Would you reproduce each of the records below precisely, with the pictures left out?

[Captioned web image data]
════
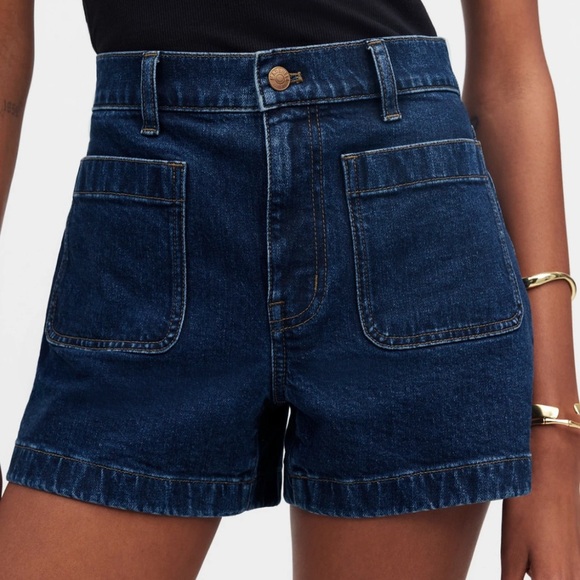 Old Navy Patch Pocket Denim Mid Rise Shorts Medium Wash Slight Distressed Size 8 - Picture 9 of 14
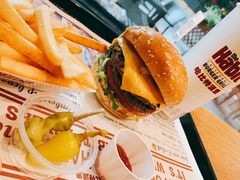 -The Habit Burger Grill 哈比特汉堡(爱琴海店)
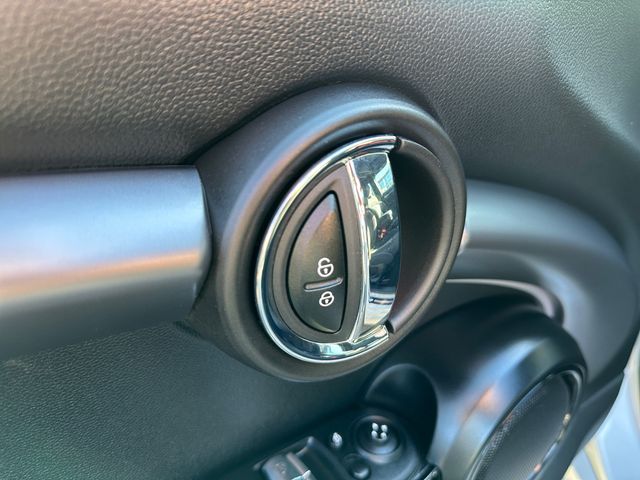 Used 2022  MINI Signature image 21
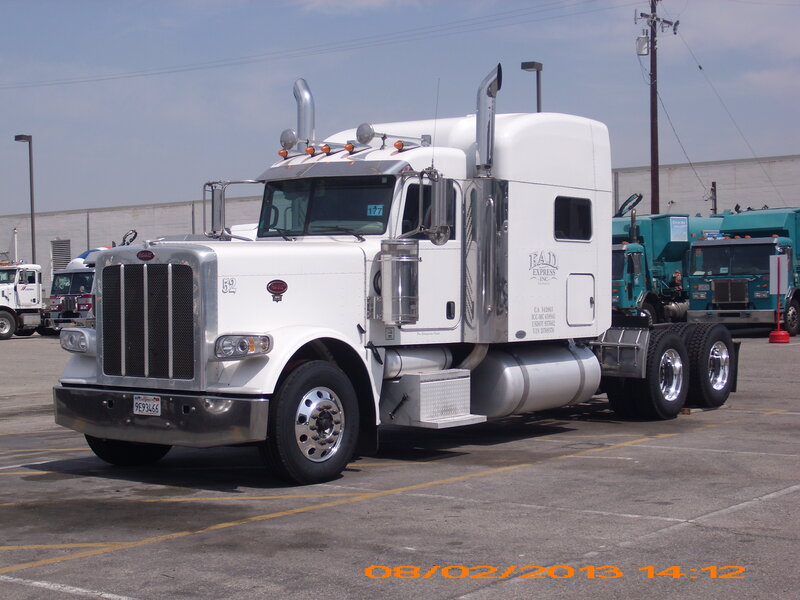 White Semi-truck — Neutral, Afternoon, Photograph, Trucks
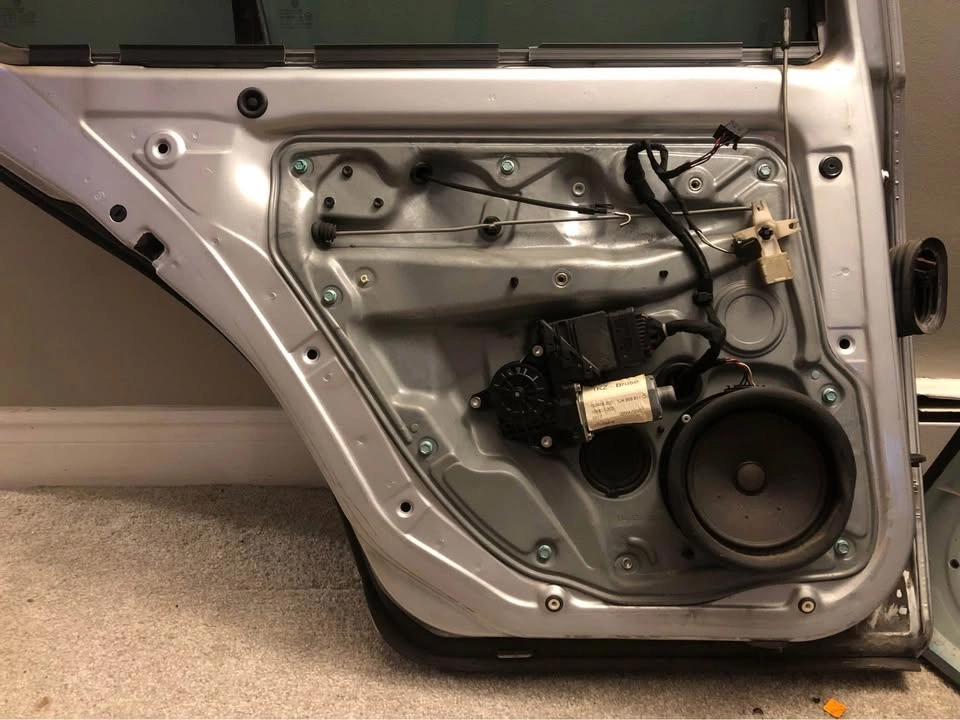 Golf MK4 Driver Side Rear Door - Mint Condition 🥕 - photo 3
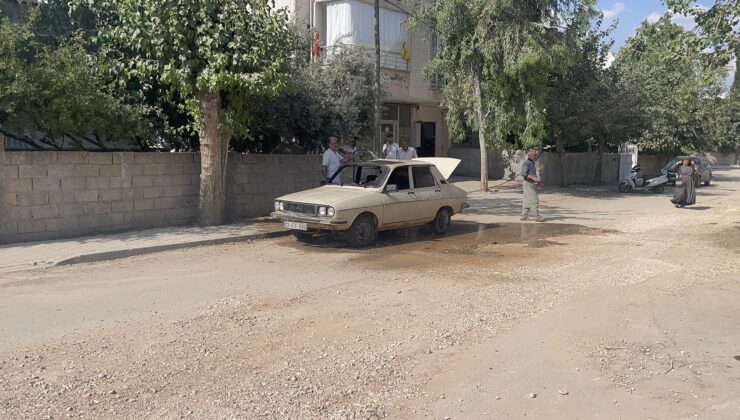 Adıyaman’da Park Halindeki Araç Alev Alev Yandı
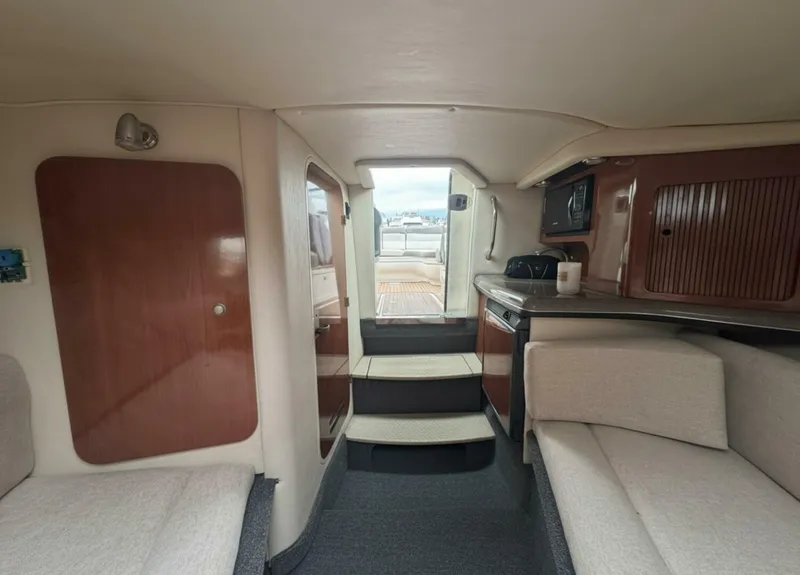 Slide: The Image of Sea Ray 29SLX with cuddy cabin 2007 - 20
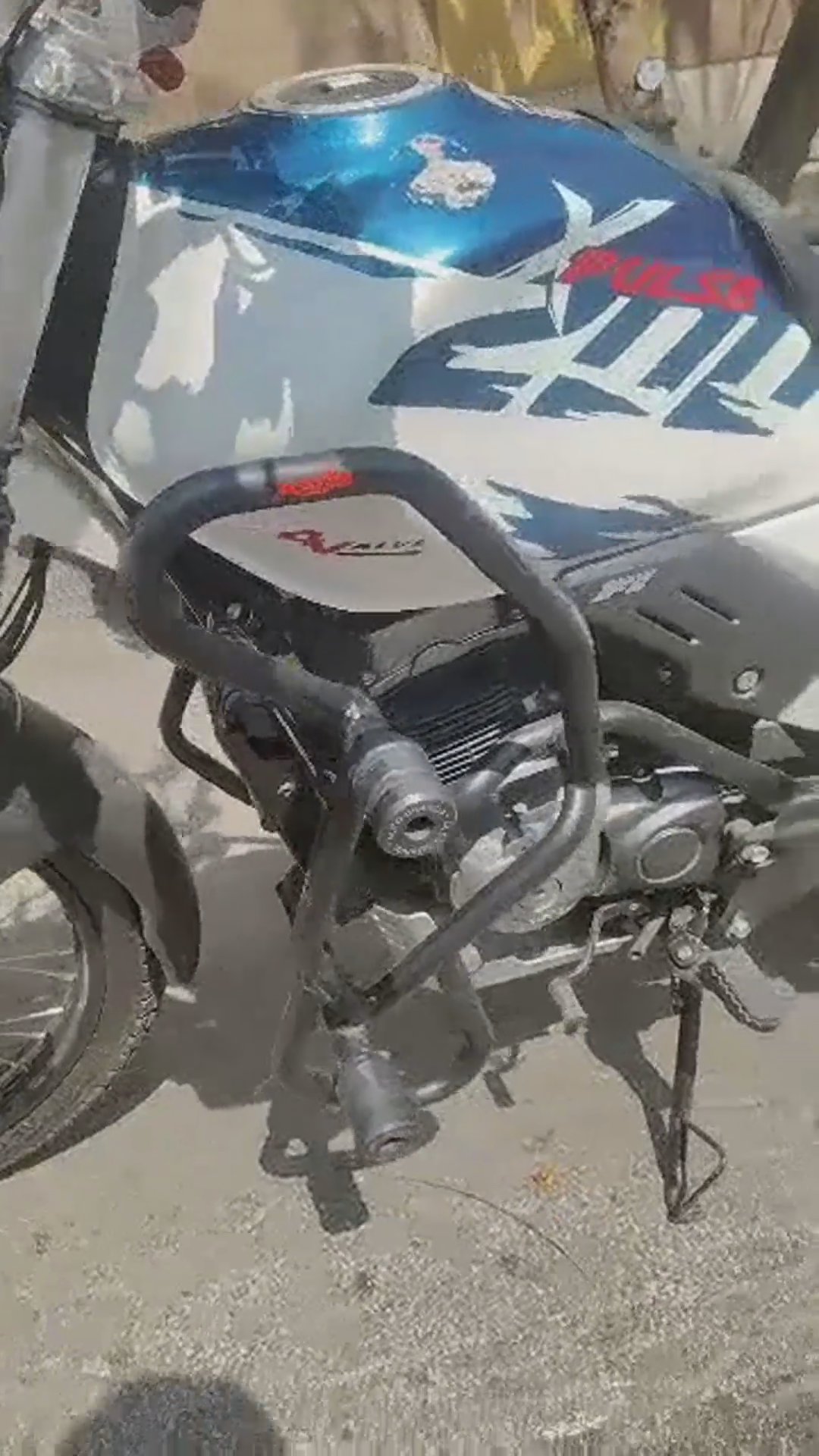 Walk-around video thumbnail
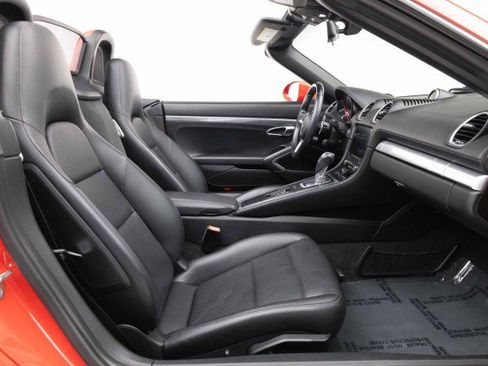 Used 2017 Porsche 718 Boxster S image 16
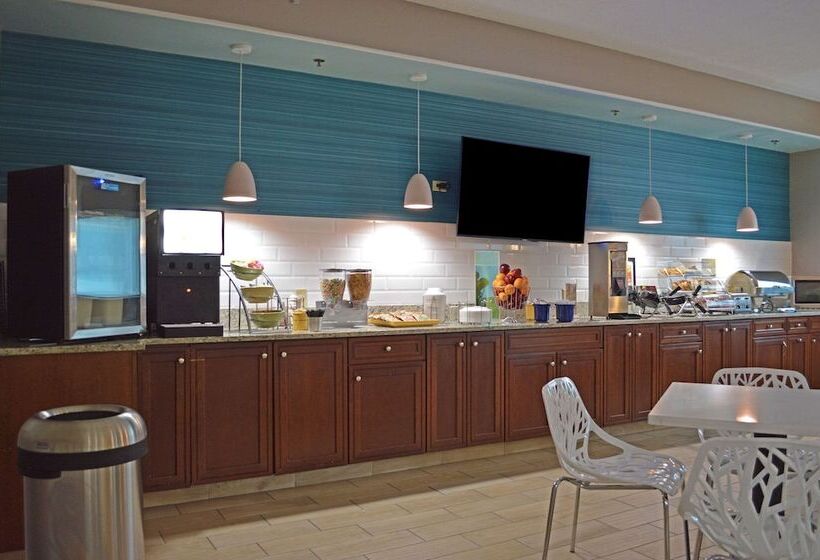 هتل Country Inn & Suites By Radisson Rehoboth Beach Dewey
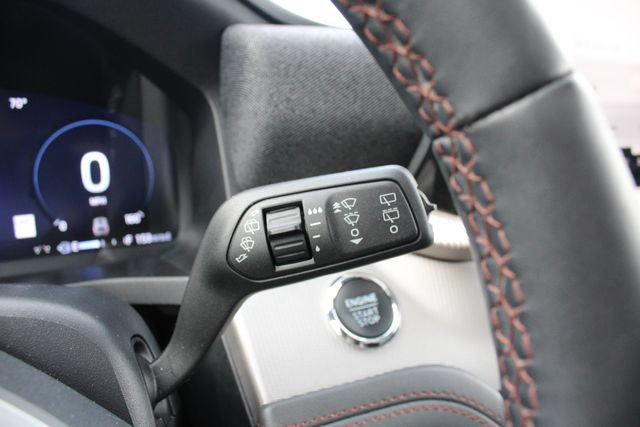 Used 2025 Ford Explorer Active w/ Active Comfort Package AWD/4WD image 15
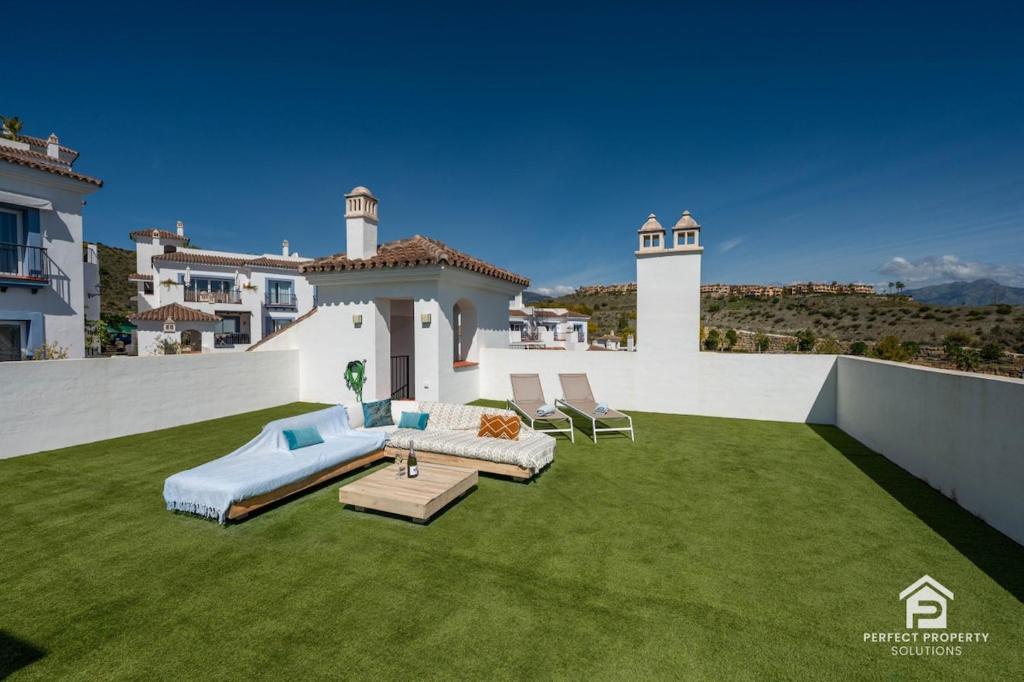 Paraiso Pueblo Penthouse - Rooftop Views & Garage - 3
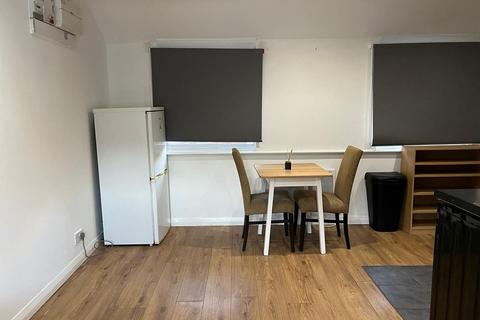 Studio to rent, London SW19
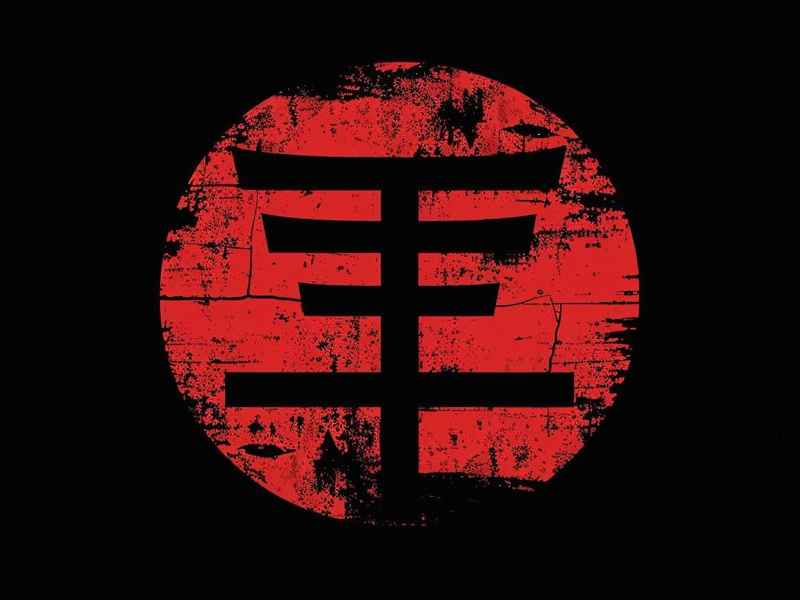有一个像米字的是什么大牌 - 有一个像米字的是什么大牌衣服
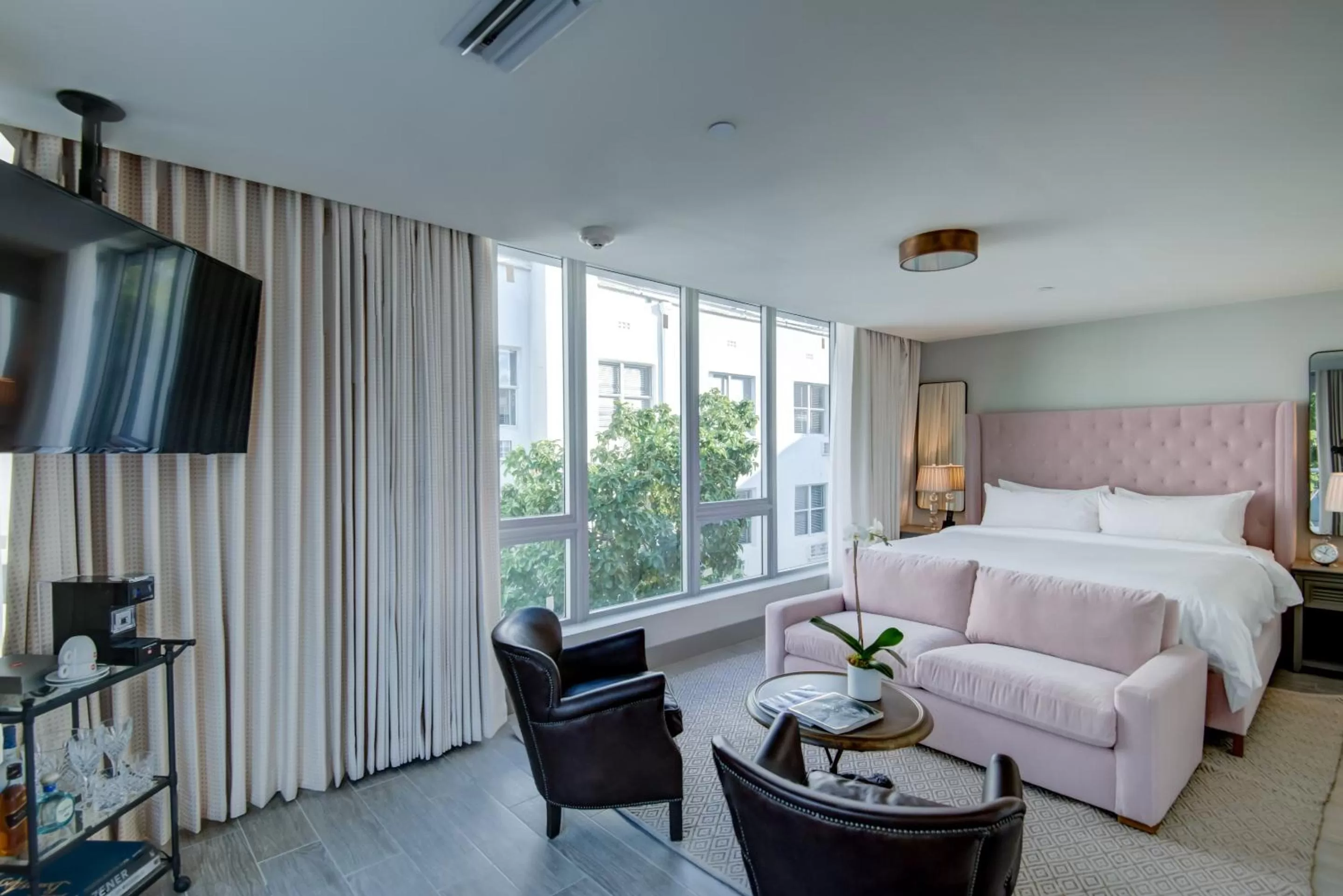 Photo of the whole room, Bed in The Plymouth South Beach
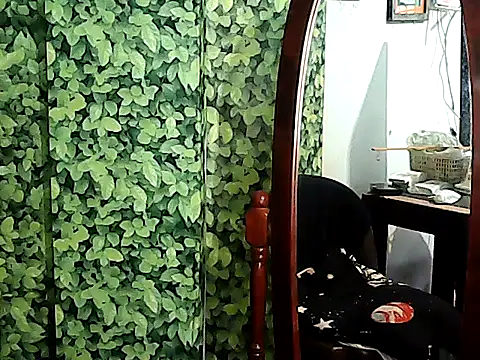 Simplewild21 live cam on StripChat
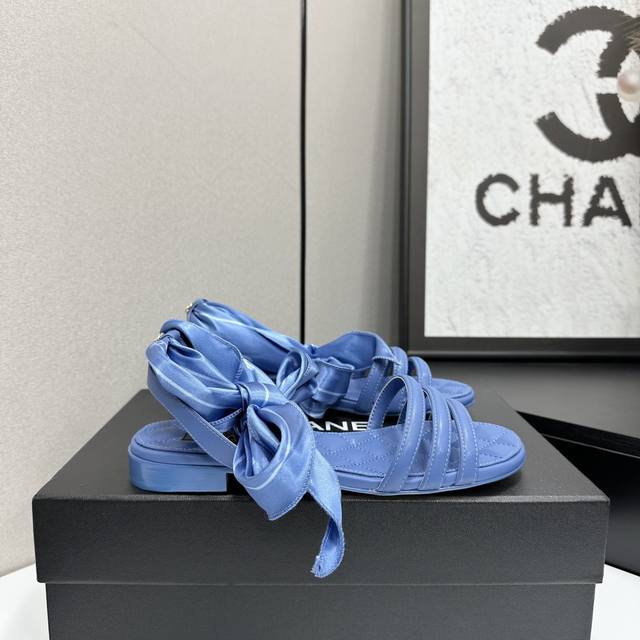 工厂p价 女装女鞋 运动原单 2025小香 本季秋冬季必备单品！！ 香奈儿秋冬重工爆款 小红书力推款，怎么搭配都好看，时髦精必备，香奈儿女士钟爱简约又难以抗拒系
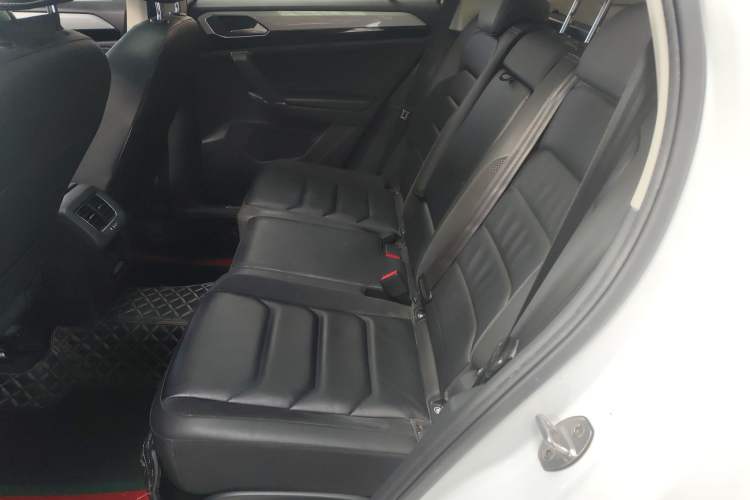 Used Volkswagen Tayron 2019 330TSI Two-Wheel Drive Luxury Model China VI Standard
════
» **ANSWER SPACE**
 Old Navy Patch Pocket Denim Mid Rise Shorts Medium Wash Slight Distressed Size 8 - Picture 9 of 14
 -The Habit Burger Grill 哈比特汉堡(爱琴海店)
 Used 2022  MINI Signature image 21
 White Semi-truck — Neutral, Afternoon, Photograph, Trucks
 Golf MK4 Driver Side Rear Door - Mint Condition 🥕 - photo 3
 Adıyaman’da Park Halindeki Araç Alev Alev Yandı
 Slide: The Image of Sea Ray 29SLX with cuddy cabin 2007 - 20
 Walk-around video thumbnail
 Used 2017 Porsche 718 Boxster S image 16
 هتل Country Inn & Suites By Radisson Rehoboth Beach Dewey
 Used 2025 Ford Explorer Active w/ Active Comfort Package AWD/4WD image 15
 Paraiso Pueblo Penthouse - Rooftop Views & Garage - 3
 Studio to rent, London SW19
有一个像米字的是什么大牌 - 有一个像米字的是什么大牌衣服
 Photo of the whole room, Bed in The Plymouth South Beach
 Simplewild21 live cam on StripChat
 工厂p价 女装女鞋 运动原单 2025小香 本季秋冬季必备单品！！ 香奈儿秋冬重工爆款 小红书力推款，怎么搭配都好看，时髦精必备，香奈儿女士钟爱简约又难以抗拒系
 Used Volkswagen Tayron 2019 330TSI Two-Wheel Drive Luxury Model China VI Standard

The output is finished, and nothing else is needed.